A prevalent narrative holds that Epic engineered the HITECH Act for its own benefit — that Faulkner, through political connections and lobbying, manipulated the regulatory framework to favor Epic's products. The reality is more nuanced and, arguably, more interesting. HITECH didn't specifically advantage Epic over competitors. The certification requirements applied equally to all vendors. What HITECH did was massively expand the addressable market in a compressed timeframe, and in a sudden gold rush, the vendor with the best reputation for reliability and the most battle-tested product at large hospitals won a disproportionate share. Epic was winning approximately 40% of new contracts at major hospitals even before HITECH passed, according to Klas Enterprises. The stimulus didn't create Epic's advantage. It amplified it.

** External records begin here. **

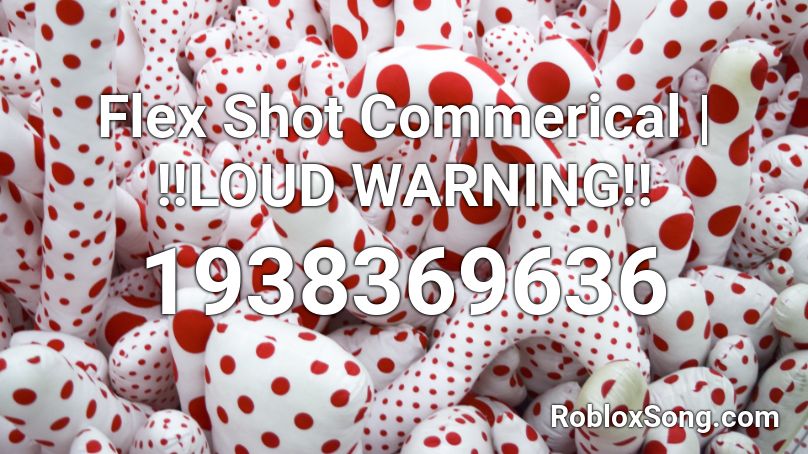 Flex Shot Commerical | !!LOUD WARNING!! Roblox ID
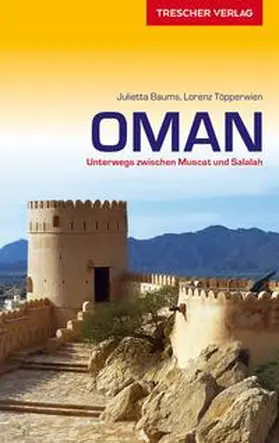 Julietta Baums / Lorenz Töpperwien |  Reiseführer Oman | Buch |  Sack Fachmedien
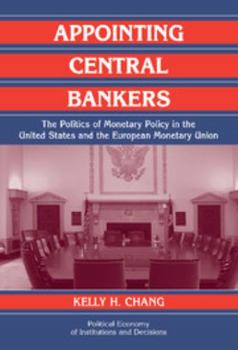 Appointing Central Bankers: The Politics of Monetary Policy in the United States and the European Monetary Union - Book  of the Political Economy of Institutions and Decisions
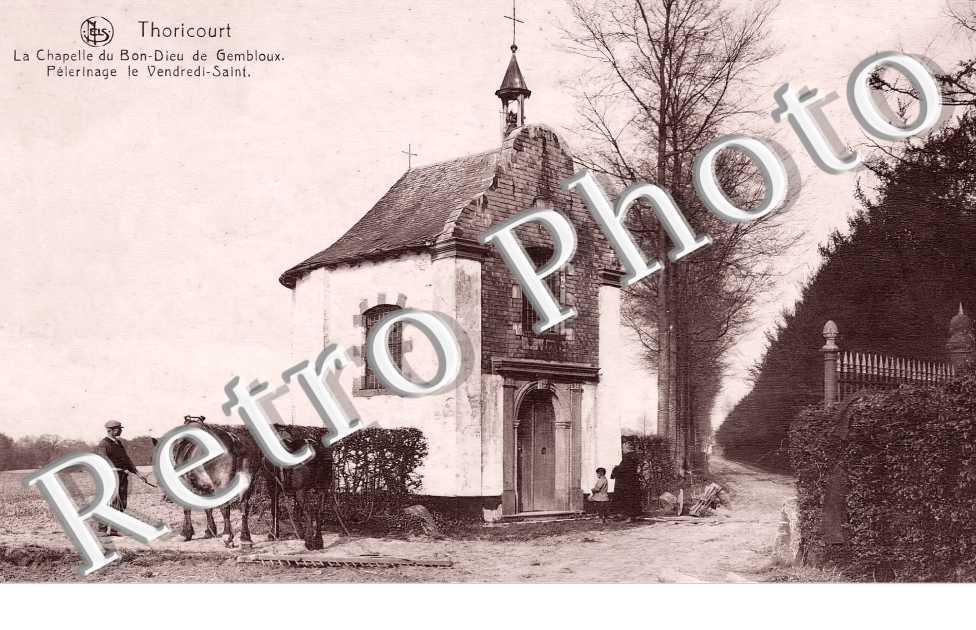 THORICOURT La chapelle du Bon-Dieu de Gembloux. Pélerinage le Vendredi-Saint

By 2008, Epic's revenue was $600 million. By 2016, it had tripled to $1.8 billion. By 2024, it reached $5.7 billion. The curve is not exponential — it is the steady, compounding growth of a company that captures an increasing share of an expanding market, one multi-million-dollar hospital contract at a time.
The Woman in the Basement
To understand Epic, you have to understand Faulkner — which is difficult, because she doesn't especially want to be understood. She rarely gives interviews. She has never written a memoir. The company, for years, had no public relations department at all; calls to Epic were returned, when they were returned, by an outside agency. Forbes once tried to verify her age and couldn't. In 2009, Faulkner was described as "traveling and unavailable" when a reporter sought comment. The company once put up a billboard that read: "Marketing Sucks ... Epic Systems."

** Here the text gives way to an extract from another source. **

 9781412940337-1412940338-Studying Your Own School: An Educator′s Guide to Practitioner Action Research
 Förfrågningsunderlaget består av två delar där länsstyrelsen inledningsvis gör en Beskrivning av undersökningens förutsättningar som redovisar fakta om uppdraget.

What is known: born Judith Greenfield in August 1943, raised in the Erlton neighborhood of Cherry Hill, New Jersey. Graduated from Moorestown Friends School in 1961. Bachelor's degree from Dickinson College. Master's in computer science from the University of Wisconsin-Madison — the degree that led to the Warner Slack connection and, ultimately, to everything. Married to Dr. Gordon Faulkner, a pediatrician. Three children, none of whom work at Epic. Liberal politics. A collector of quirky artwork for the campus. An obsessive reader of science fiction. Forbes estimates her net worth at $7.8 billion, based on an estimated 43% ownership of Epic. In 2015, she signed the Giving Pledge, committing 99% of her assets to philanthropy. She reportedly sells approximately $100 million of her shares annually back to the company, with proceeds going to the Roots & Wings Foundation, a charitable organization she established with her husband.

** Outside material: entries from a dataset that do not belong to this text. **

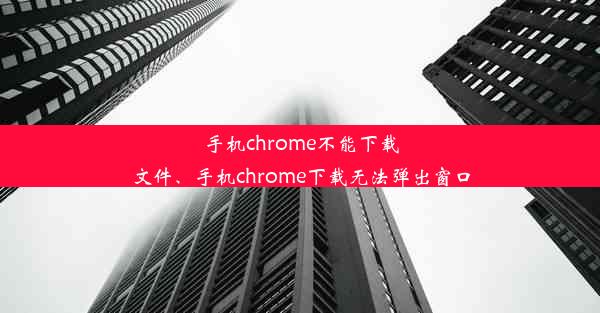 手机chrome不能下载文件、手机chrome下载无法弹出窗口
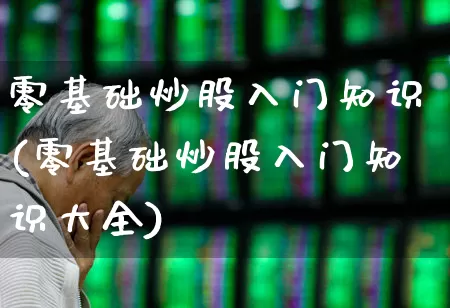 零基础炒股入门知识(零基础炒股入门知识大全)_https://www.xzdzcjn.com_北交所_第1张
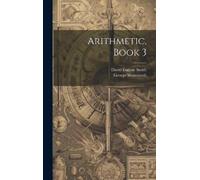 David Eugene Smith George Wentworth Arithmetic, Book 3 (Copertina rigida)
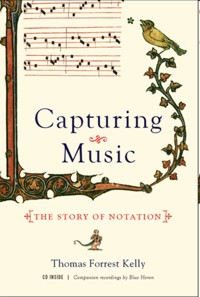 Capturing Music: The Story of Notation. 9780393064964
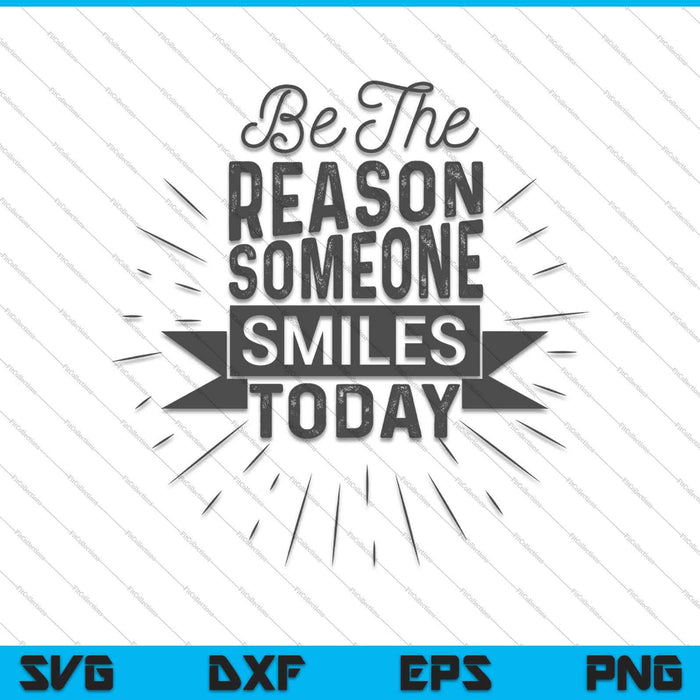 Be The Reason Someone Smiles Today SVG PNG Cutting Printable Files Be The Reason Someone Smiles Today SVG PNG Cutting Printable Files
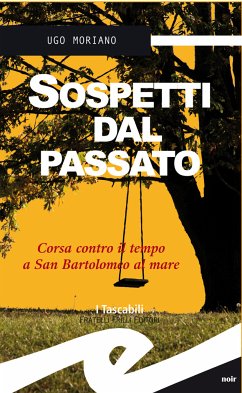 Sospetti dal passato (eBook, ePUB) - Ugo, Moriano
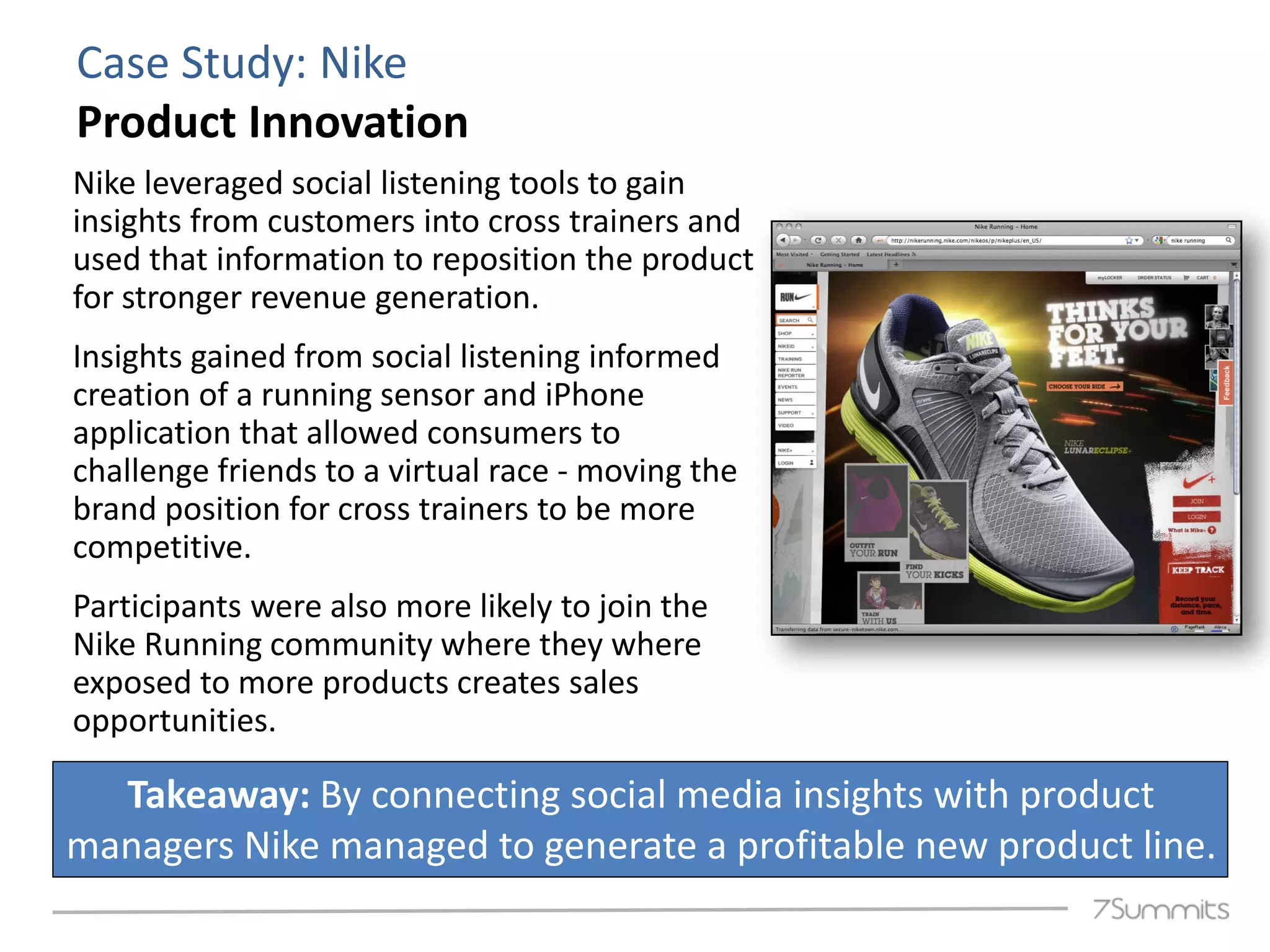 Case Study: Nike
Product Innovation
Nike leveraged social listening tools to gain
insights from customers into cross trainers and
used that information to reposition the product
for stronger revenue generation.
Insights gained from social listening informed
creation of a running sensor and iPhone
application that allowed consumers to
challenge friends to a virtual race - moving the
brand position for cross trainers to be more
competitive.
Participants were also more likely to join the
Nike Running community where they where
exposed to more products creates sales
opportunities.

I've described her as a female cross between
Bill Gates and Willy Wonka.
— Dr. Eric Dickson, CEO of UMass Memorial Health
The Willy Wonka comparison lands because of the campus, but the Gates comparison is more analytically precise. Like Gates, Faulkner is a programmer-CEO who built a category-defining software company, maintained an iron grip on product direction, refused to cede strategic control to outside investors, and proved willing to compete ruthlessly behind a veneer of mission-driven earnestness. Like Gates, she understood early that in enterprise software, the product that achieves critical mass becomes the standard — and that switching costs in her market are not merely high but effectively infinite. A hospital that has spent $20 to $30 million and two or more years implementing Epic's system, retraining thousands of clinicians, migrating millions of patient records, and rewiring every clinical workflow from pharmacy to radiology — that hospital is not switching. Period.
The succession question looms. Faulkner turned 82 in August 2025 and has said she still has more to accomplish as CEO. She has split her stock into voting shares (which cannot be sold and have gone into a trust controlled by family and employees) and nonvoting shares (which will go to the Roots & Wings Foundation). The structure ensures that Epic will not be acquired after her departure — the voting control prevents it. In August 2024, she named Sumit Rana as president, and sources have identified him as the likely successor. But Faulkner shows no sign of stepping aside. At 81, she dressed as a swan. At 82, she is still running the company she started with $70,000 and a refrigerator-sized computer.
The Cathedral and the Bazaar
The most consequential strategic choice Epic ever made — more consequential than staying private, more consequential than refusing acquisitions — is the decision to build everything itself. Every module. Every feature. Every integration. One codebase. One architecture. One development team in Verona, Wisconsin.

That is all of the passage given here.